Study explores apprenticeship, homeless link
Claims of a growing homelessness risk among apprentices will be the focus of a new study by Flinders University researchers.
Andreas Cebulla, a senior research fellow at the Flinders-based National Institute of Labour Studies, has begun a year-long study to determine whether low apprenticeship wages are forcing Australian tradies into homelessness and housing instability.
“The social welfare sector claims there has been a recent incidence of homelessness among apprentices and our task is to see whether there is, in fact, a link between the two,” Cebulla said.
“One suggestion is that the low apprentice wage contributes to homelessness but there may be other factors that lead to it, such as relationship break-ups, rather than the low pay itself,” he said.
Figures show there are about 35,000 apprentices in South Australia, with apprentices often earning as little as half of what a qualified tradesperson receives in their field.
As part of the Flinders study, funded through the Department of Families, Housing, Community Services and Indigenous Affairs, Cebulla will interview training providers, employer organisations and government agencies before conducting a nationwide survey of apprentices.
The research collected through the study will also be used to determine whether there is a link between homelessness and the high drop-out rate among apprentices.

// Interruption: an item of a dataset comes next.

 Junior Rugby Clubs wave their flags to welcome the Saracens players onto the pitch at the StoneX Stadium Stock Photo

“One theory is that apprenticeships pay little and housing is expensive so, eventually, apprentices can’t maintain their homes and when that happens they can’t maintain their jobs either,” he said.
“We don’t yet know whether there’s a link between the two but what we do know is that a lot of apprentices drop out when they realise their wages won’t increase much once they’re fully qualified.

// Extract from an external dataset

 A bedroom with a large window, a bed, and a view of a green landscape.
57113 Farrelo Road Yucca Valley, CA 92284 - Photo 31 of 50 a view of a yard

“Electricians and plumbers will usually make up what they lost through their apprenticeship very quickly but on the other hand, apprentices in the services industry, in particular food preparation and hairdressing, find that once they complete their course, their wages are not much higher than what they would have been had they not gone through the apprenticeship.
“Many apprentices live on the poverty line so once they find out there’s no real benefit at the end they drop out.”
Findings of the study are expected to be released early next year.